Well, one-stop shopping is now back. No the consolidators didn't adopt a new business model. Rather, this kind of shopping is being widely adopted by the large regional firms that remained independent.

They have adopted a few techniques to ensure success. For one, these firms have acquired smaller firms that fill gaps in various service areas. They have also joined international firm associations so that they can easily handle international transactions through their affiliated firms. They also made acquisitions of, or entered into joint ventures with, non-CPA firms that can provide desired services to their clients. For example, just last week, there was a joint venture announced between J.H. Cohn LLP, one of the Northeast’s largest accounting and consulting firms, and UIC, Inc., a leading independent risk management consulting firm.

So, why is one-stop shopping successful now for these independent regional firms when it wasn't successful for the consolidators who acquired regional firms years back?

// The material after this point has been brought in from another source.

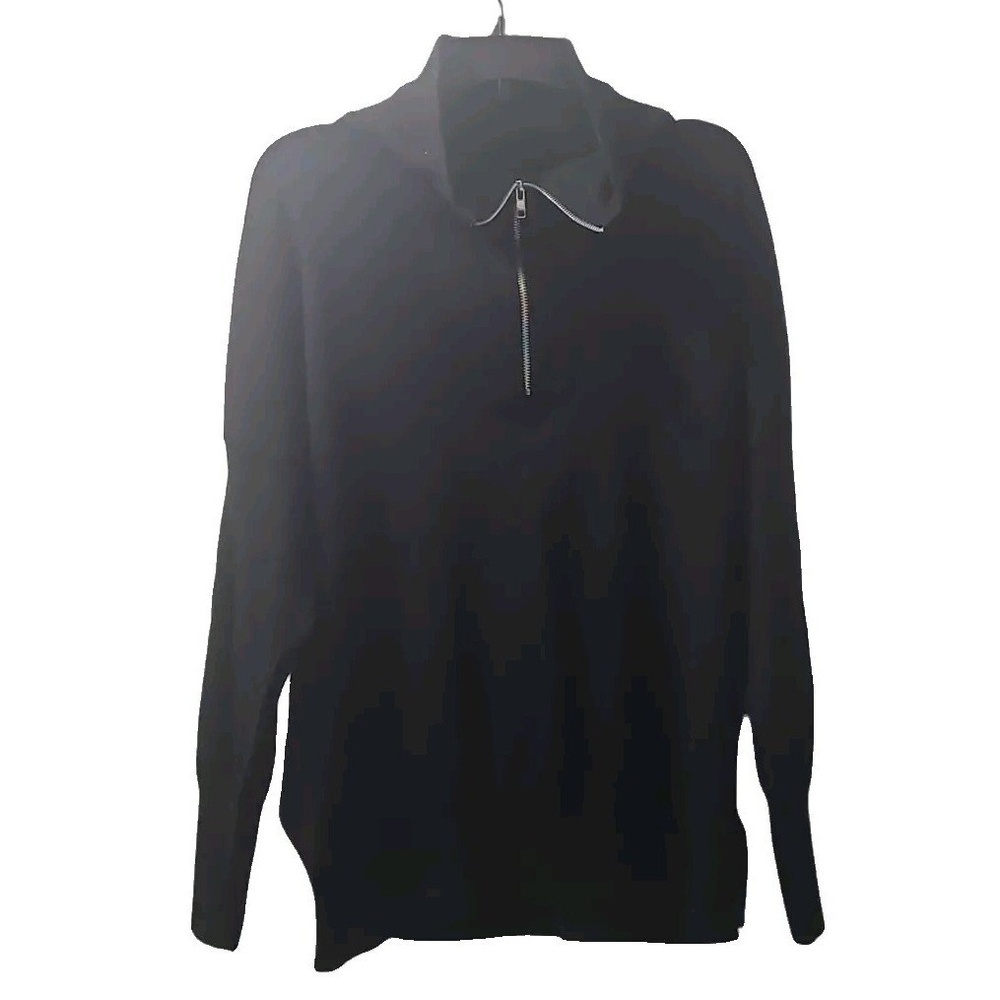 Abercrombie & Fitch Women's Size M Soft AF‎ Black Sweater Quarter Zip Collared
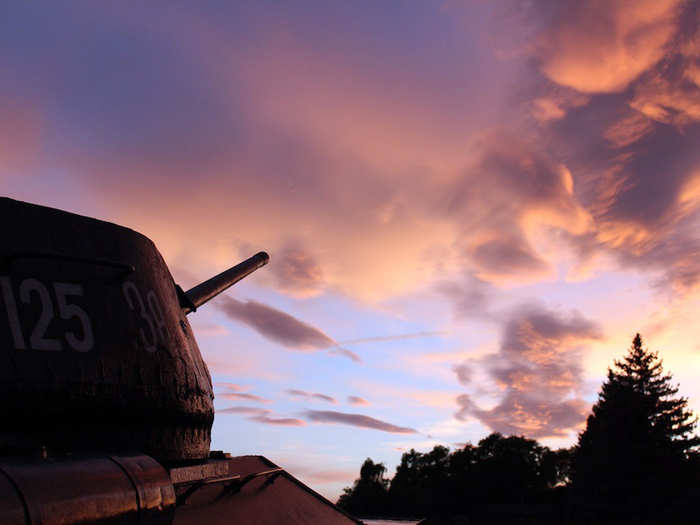 The sun sets over the Park of Peace in Tiraspol.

I think it is because these independent regional firms are primarily selling services, not proprietary products. Also, the partners in control of these firms know their client base extremely well. They are able to identify the types of services their clients need, and rather than trying to sell them all their available services, they identify that core of clients that will really benefit from a particular service and target them.

What it really comes down to is that CPAs earned their "most trust advisor" reputation because of the professionalism they exercised over time in their dealing with their clients. That is the critical point and why I believe one-stop shopping is turning out so successfully now for a number of accounting firms. Unlike the consolidators, the CPA exercising professional judgment remains the ultimate decisonmaker, and that is the all-important difference.